When the far left and the far right on Toronto City Council both share the same criticism of newly elected Mayor John Tory’s first proposed budget, we have to take notice. It is clear from items in Tory’s $11.5 billion budget proposal that he means to respond to every aspect of the most urgent needs of the city.
We believe he has good intentions. Nevertheless, just about every decision Tory makes, at least in the early stages of his tenure, will be compared to the previous mayor, the badly behaved Rob Ford, who is sitting once again as councillor for Ward 2 Etobicoke North, the post he held for 10 years before his divisive term as mayor.
It remains to be seen how well Tory can manage to bring enough councillors on side to get this budget through. His proposal, which will not be voted on by City Council until March, has received criticism from Ford on the far right of the political spectrum and from far left councillor, Gord Perks. Ford and Perks, who have had a history of being adversaries, now agree in their criticism of Tory’s budget, which includes a $200 million line of credit from the provincial government meant to ensure a balanced budget, and which, by the way, has not yet been approved by Queen’s Park.
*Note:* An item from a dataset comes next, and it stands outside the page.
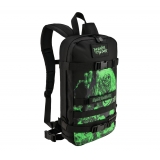 Iron Maiden US Cooper Daypack NOTB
Of course, increased payments by residents are also coming in order to balance the budget. Already, Tory has broken a campaign promise regarding fare increases for public transit. In exchange, he will offer up free rides to children up to age 12, but that comes at a cost to adults with fares going up 10 cents per ride for non-cash fares across the board.
It’s a nice gesture for the kids, but it is also a clever distraction since Tory had promised not to raise fares in the first place. His explanation that he didn’t know how badly off the Toronto Transit Commission (TTC) was is hard to accept, just as it will also be hard to accept this increase for those who already carry the bulk of the financing for the cash-strapped, yet essential, public service.
We have to wonder if it wouldn’t have been better for Tory to put forward a plan to bring all levels of government to the table for discussions on a better way of funding this city’s public transit system, one that would not involve wounding those who must depend on the service.
Yes, it will be less pressure for them to have to find fares for their children going to school, but they will still end up paying for those fares through the coming increase.
Along those lines, instead of the 2.5 per cent increase in property taxes aimed at holding to the inflation rate, Tory could have had chosen to increase property taxes so that they come closer to responding to the real demands of the budget, instead of literally nickel and diming TTC riders.
There would be some push back in such an instance, yet Toronto residents still pay the lowest property taxes in the region and have for too long been coddled to expect that their taxes should be kept below the rate of inflation. It is an unrealistic formula, and one that will continue to ensure that budget planning takes the kinds of twists and turns that Tory is now suggesting with his provincial line of credit.
It seems that with the best of intentions, the new mayor is trying to make everyone happy, but that is always a formula for problems down the road. For example, his proposed $970 million to fix the Gardiner Expressway, a $443.2 million increase to repair the thoroughfare many have argued should be taken down, may appeal to some motorists. But couldn’t those millions have better served to answer the backlog of repairs crying out for attention in every public housing site in the city? Instead, the money would be earmarked to shore up the Gardiner in 12 years rather than the previously proposed 20-year commitment.
After the Ford years, there is little appetite for upheaval, so Tory’s middle-of-the-road initial offering is understandable. Even so, this budget calls for scrutiny and there is room for adjustment.